Statement

My work ranges from abstract hand-manipulated pieces to work that involves found footage, to feature length improvised narratives. Each film attempts to investigate new terrain, and avoids being confined by a specific look or mood.
I like to work the surface of film to create rich visuals which I shape in a very intuitive, personal way. Since I started making films in 1983 I’ve always gone back to painting, bleaching and marking frames one by one; I’m exhilarated by this tactile relationship with film material. I like the way these abstract films (Winterwheat, Echo Anthem, Missing Something Somewhere, Blue Movie, Sweep, Guiding Fictions, Sliding off the Edge of the World) allow the viewer to be drawn into unfamiliar worlds.
Other films (Lilting Towards Chaos, Excursions, Why Live Here?) paint portraits of characters wrestling with their alienation from place.
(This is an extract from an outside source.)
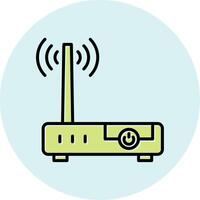 Router Device Vecto Icon vector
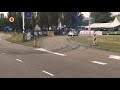 Erik van Loon gaat door de bocht op Ekkersrijt.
These films juxtapose narration and imagery so that the viewer is challenged to pick up the pieces. The films flutter between states, combining elements of fiction writing, diary, travelogue, landscape photography and documentary.
I’ve also made two feature length videotapes, At Home and Asea 2002 and Rockaway 2005. These two works also start with place and consider fictional characters’s relationships to where they live. In both cases I explored the locales first (Baltimore and a Queens, NY neighborhood, respectively) and then figured out how I wanted the actors to improvise material that gave voice to tensions I found inherent in these settings.
My interests in film and videomaking are restless and peripatetic. I’ve made films about the American flag, soft-core pornography, a Brooklyn walk, a trip to Mexico, day-to-day life in Tampa, Florida and three high school girls celebrating their graduation. Each new project sends me spinning in a new direction. Because I reject the constraints of traditional production values and develop my own process for each new film, any subject seems possible.
I teach film and videomaking in the Visual Arts Department at Fordham College Lincoln Center and live with filmmaker Lynne Sachs and our two children, Maya and Noa in Brooklyn, NY.
“…confronting notions of home and community in an age of unprecedented transience and instability.” – SF Cinematheque
” … a cartographer of interior landscapes forged from film chemistry, optically printed materials, documentary/diary footage and journal entries.” – LA Filmforum
” Provocative…engaging…Street leaves us with the very real sense that you take your possibilities and limitations with you wherever you go.” – Los Angeles Times
” a sweet and powerful look into the future of narrative cinema. Considering the current trend of exploring the documentary nature of scripted film (Street) is in the right place at the right time. Look for him in the future.” – Ron Wilkinson, MonstersandCritics.com
Screenings: Museum of Modern Art, NY, Whitney Museum, Toronto Film Festival, New York Film Festival, Sundance Film Festival, London Film Festival, Festival du Cinema Nouveau, Montreal, Oberhausen Film Festival, Viennale International Film Festival, Vienna,VIPER Film Festival, Zurich, European Media Arts Festival, Pacific Film Archive, SF Cinematheque, San Francisco International Film Festival, NY Underground Film Festival, Reel NY, CH 13 WNET NY, Ann Arbor Film Festival, Black Maria Film Festival, Wisconsin Film Festival.